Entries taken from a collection
========================================================================

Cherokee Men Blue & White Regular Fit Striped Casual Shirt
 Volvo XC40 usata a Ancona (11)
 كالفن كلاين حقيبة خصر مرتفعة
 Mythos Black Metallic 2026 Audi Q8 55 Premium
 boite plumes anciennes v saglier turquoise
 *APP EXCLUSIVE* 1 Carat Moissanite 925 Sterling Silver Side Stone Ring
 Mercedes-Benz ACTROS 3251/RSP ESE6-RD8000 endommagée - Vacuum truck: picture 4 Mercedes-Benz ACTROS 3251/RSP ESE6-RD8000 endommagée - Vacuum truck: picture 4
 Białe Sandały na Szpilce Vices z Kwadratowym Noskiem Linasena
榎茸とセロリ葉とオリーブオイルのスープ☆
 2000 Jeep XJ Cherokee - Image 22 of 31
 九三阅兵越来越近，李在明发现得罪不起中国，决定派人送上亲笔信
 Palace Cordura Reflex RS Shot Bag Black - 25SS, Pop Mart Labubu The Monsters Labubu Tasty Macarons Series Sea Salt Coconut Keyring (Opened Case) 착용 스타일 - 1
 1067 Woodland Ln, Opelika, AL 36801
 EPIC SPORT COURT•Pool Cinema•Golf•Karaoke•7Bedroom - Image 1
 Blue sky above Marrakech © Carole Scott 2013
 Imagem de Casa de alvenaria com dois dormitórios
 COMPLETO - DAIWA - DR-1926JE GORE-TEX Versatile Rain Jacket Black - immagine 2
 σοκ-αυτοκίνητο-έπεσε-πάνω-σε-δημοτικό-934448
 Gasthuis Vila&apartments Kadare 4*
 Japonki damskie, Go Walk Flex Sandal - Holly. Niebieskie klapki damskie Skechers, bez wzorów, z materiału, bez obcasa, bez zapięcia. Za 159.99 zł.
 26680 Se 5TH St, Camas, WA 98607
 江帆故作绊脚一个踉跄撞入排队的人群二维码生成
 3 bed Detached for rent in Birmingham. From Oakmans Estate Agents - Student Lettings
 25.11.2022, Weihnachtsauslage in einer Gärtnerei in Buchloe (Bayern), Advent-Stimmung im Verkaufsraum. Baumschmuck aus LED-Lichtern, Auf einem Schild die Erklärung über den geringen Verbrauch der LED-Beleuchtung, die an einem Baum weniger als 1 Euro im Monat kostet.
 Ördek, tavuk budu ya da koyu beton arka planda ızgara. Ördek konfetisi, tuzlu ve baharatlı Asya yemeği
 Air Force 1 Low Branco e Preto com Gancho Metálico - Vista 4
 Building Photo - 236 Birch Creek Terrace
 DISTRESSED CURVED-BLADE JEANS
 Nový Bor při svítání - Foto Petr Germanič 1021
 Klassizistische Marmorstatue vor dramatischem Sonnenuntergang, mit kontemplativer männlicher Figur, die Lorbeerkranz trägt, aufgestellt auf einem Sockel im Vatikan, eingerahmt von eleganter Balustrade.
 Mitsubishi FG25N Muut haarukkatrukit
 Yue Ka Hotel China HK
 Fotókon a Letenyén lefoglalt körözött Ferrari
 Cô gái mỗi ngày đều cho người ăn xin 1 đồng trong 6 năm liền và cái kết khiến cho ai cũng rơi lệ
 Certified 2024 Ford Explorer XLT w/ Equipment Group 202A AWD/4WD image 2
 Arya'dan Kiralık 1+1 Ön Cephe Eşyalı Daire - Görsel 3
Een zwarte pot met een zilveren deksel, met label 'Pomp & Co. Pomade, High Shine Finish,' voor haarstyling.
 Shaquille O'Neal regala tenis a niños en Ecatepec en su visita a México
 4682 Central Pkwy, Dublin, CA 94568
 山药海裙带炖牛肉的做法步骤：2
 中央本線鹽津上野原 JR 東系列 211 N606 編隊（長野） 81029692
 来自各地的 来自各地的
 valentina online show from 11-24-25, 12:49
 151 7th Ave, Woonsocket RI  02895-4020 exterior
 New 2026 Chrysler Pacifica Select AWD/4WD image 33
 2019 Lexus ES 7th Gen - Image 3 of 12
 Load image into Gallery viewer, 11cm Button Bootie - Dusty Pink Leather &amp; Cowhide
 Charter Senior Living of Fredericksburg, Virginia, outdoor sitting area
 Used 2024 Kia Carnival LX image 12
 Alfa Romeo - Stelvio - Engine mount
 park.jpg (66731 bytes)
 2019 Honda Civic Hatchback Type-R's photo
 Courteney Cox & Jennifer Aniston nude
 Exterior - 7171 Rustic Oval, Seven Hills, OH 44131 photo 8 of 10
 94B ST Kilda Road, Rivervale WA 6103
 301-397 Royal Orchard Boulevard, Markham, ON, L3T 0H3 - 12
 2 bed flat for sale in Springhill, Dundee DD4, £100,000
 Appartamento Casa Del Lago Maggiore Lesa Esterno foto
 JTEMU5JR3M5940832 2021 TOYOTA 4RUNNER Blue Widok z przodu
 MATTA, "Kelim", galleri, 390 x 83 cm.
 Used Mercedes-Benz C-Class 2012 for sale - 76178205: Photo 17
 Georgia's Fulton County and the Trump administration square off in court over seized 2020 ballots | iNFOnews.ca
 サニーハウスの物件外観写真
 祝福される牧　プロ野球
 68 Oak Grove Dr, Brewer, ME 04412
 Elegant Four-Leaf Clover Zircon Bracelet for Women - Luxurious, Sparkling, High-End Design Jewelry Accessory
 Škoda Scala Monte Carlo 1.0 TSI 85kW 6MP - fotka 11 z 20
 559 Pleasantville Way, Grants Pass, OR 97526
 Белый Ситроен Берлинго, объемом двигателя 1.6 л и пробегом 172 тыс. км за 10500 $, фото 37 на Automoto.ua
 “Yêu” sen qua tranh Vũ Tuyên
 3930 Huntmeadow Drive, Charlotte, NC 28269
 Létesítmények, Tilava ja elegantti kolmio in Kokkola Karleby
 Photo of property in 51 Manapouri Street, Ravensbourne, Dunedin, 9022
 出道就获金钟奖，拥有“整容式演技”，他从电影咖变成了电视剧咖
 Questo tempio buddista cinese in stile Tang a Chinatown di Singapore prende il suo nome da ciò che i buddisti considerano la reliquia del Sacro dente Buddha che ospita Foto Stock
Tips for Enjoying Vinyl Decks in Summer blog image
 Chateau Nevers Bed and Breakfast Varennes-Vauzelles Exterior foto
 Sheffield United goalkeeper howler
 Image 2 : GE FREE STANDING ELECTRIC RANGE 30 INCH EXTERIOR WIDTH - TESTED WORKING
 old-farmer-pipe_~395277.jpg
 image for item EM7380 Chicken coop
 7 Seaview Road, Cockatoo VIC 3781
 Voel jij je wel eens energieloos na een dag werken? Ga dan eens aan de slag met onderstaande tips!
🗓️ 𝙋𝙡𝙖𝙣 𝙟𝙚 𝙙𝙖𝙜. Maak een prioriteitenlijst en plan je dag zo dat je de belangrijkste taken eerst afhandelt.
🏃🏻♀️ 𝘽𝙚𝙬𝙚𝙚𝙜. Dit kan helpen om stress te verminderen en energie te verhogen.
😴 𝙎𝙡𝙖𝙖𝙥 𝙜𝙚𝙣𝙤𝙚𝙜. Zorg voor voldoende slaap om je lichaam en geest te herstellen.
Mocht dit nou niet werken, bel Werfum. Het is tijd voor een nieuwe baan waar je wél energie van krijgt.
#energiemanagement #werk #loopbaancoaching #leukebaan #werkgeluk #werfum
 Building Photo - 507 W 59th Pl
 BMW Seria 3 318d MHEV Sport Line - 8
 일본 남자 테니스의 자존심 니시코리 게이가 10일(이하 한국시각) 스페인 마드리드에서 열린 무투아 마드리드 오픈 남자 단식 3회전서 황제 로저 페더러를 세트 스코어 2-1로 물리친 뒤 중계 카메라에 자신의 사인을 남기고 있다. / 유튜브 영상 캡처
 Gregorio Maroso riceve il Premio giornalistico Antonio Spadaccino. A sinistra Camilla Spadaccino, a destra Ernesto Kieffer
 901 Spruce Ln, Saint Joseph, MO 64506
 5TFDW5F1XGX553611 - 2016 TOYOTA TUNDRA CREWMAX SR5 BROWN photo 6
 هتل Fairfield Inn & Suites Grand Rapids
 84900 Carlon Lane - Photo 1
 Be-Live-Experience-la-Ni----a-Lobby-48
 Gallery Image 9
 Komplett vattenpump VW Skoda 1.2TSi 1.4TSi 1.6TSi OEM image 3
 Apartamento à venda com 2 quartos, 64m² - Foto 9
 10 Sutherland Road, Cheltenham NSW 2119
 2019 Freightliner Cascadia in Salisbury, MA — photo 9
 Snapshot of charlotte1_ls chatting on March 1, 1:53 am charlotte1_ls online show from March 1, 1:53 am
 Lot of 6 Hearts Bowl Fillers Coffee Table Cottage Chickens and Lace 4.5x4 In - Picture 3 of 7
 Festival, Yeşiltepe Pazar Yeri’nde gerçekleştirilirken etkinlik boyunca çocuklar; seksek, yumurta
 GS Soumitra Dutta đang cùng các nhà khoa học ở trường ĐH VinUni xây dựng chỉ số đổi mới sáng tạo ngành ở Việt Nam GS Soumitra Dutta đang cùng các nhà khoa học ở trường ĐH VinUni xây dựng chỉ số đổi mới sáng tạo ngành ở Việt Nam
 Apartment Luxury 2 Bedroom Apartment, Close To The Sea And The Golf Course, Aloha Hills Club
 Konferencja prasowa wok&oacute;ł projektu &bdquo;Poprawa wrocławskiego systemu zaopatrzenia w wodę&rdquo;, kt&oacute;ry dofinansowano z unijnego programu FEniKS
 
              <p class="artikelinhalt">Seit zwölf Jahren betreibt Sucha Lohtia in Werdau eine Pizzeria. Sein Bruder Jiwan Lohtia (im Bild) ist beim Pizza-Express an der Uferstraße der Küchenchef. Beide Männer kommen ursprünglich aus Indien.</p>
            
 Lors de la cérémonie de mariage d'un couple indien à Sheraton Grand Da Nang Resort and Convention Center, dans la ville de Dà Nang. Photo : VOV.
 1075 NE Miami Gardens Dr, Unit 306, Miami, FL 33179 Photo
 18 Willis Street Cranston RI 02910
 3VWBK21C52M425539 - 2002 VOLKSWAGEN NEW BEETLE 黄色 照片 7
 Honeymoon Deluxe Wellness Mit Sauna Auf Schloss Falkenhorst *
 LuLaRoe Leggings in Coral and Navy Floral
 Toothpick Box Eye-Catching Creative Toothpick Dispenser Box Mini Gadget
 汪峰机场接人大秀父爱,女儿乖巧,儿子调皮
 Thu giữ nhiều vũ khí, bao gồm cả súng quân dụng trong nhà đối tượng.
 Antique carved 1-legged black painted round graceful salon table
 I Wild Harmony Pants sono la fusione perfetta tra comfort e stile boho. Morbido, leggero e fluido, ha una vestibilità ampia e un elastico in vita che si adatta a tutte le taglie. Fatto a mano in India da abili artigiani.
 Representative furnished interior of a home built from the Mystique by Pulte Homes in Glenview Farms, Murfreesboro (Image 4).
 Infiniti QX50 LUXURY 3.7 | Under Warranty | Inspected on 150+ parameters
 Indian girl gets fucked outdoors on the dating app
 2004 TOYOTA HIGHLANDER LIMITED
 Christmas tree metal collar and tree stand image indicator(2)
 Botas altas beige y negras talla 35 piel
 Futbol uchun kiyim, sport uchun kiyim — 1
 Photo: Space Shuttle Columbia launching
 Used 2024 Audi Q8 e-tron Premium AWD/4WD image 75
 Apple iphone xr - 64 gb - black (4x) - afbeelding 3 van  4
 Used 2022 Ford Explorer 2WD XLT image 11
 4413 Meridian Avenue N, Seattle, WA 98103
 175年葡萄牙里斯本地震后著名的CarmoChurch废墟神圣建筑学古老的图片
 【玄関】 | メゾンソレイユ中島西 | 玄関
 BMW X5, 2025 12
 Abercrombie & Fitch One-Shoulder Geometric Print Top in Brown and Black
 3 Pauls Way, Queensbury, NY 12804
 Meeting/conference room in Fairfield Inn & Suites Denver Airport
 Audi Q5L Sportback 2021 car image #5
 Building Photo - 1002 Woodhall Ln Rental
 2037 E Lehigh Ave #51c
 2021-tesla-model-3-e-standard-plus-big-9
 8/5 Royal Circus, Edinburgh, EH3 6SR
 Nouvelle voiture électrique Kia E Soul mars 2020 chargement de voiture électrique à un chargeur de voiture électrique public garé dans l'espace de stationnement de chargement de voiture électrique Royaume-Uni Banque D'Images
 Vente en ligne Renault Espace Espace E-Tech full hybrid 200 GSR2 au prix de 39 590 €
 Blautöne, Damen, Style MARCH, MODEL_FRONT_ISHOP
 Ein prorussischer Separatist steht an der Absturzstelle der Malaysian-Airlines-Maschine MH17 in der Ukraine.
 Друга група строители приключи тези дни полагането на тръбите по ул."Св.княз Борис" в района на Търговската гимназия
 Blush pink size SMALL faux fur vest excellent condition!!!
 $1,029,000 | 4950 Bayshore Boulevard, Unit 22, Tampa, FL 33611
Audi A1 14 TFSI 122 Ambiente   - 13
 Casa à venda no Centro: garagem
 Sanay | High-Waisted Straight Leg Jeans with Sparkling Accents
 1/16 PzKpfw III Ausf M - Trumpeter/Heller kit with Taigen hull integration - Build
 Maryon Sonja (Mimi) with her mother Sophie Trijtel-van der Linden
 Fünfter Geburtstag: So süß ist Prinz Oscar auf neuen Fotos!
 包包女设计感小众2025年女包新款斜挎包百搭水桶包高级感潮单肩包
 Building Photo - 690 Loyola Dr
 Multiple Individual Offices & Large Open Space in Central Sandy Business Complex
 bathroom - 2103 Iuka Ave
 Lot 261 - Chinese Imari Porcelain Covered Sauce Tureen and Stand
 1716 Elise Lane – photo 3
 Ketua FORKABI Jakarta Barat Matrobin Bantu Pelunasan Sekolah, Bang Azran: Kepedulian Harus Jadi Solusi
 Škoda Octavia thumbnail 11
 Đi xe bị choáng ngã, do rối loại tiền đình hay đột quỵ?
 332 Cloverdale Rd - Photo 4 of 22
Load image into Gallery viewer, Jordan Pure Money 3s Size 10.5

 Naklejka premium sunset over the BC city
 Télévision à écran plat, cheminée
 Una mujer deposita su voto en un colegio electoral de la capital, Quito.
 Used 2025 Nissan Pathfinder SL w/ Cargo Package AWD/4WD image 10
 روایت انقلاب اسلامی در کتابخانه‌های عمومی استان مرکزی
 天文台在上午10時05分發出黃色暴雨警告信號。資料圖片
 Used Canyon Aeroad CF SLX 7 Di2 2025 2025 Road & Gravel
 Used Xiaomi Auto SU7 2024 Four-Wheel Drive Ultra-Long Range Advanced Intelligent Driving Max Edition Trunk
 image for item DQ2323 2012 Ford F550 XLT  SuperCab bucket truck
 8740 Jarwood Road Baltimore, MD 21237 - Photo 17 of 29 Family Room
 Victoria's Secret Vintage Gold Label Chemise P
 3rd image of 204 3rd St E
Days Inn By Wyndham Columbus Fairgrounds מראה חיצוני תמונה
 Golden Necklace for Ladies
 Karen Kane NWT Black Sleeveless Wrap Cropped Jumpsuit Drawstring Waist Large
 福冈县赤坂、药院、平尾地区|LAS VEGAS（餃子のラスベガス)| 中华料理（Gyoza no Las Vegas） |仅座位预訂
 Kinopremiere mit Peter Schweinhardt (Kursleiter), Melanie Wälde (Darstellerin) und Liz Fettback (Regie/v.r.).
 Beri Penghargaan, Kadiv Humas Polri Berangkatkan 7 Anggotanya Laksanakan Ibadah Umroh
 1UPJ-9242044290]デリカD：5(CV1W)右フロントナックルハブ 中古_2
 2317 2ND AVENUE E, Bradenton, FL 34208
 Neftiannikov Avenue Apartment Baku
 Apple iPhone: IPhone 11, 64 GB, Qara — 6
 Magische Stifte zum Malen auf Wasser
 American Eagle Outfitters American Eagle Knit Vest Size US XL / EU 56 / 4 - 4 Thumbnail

========================================================================

# DIRECTIONS FOR THIS TASK:
Look above for the line with "Cô gái mỗi ngày" and the line with "Arya'dan Kiralık 1+1". Retype those two lines and every line between them exactly, adding nothing.

# WORKED SOLUTION:
 Cô gái mỗi ngày đều cho người ăn xin 1 đồng trong 6 năm liền và cái kết khiến cho ai cũng rơi lệ
 Certified 2024 Ford Explorer XLT w/ Equipment Group 202A AWD/4WD image 2
 Arya'dan Kiralık 1+1 Ön Cephe Eşyalı Daire - Görsel 3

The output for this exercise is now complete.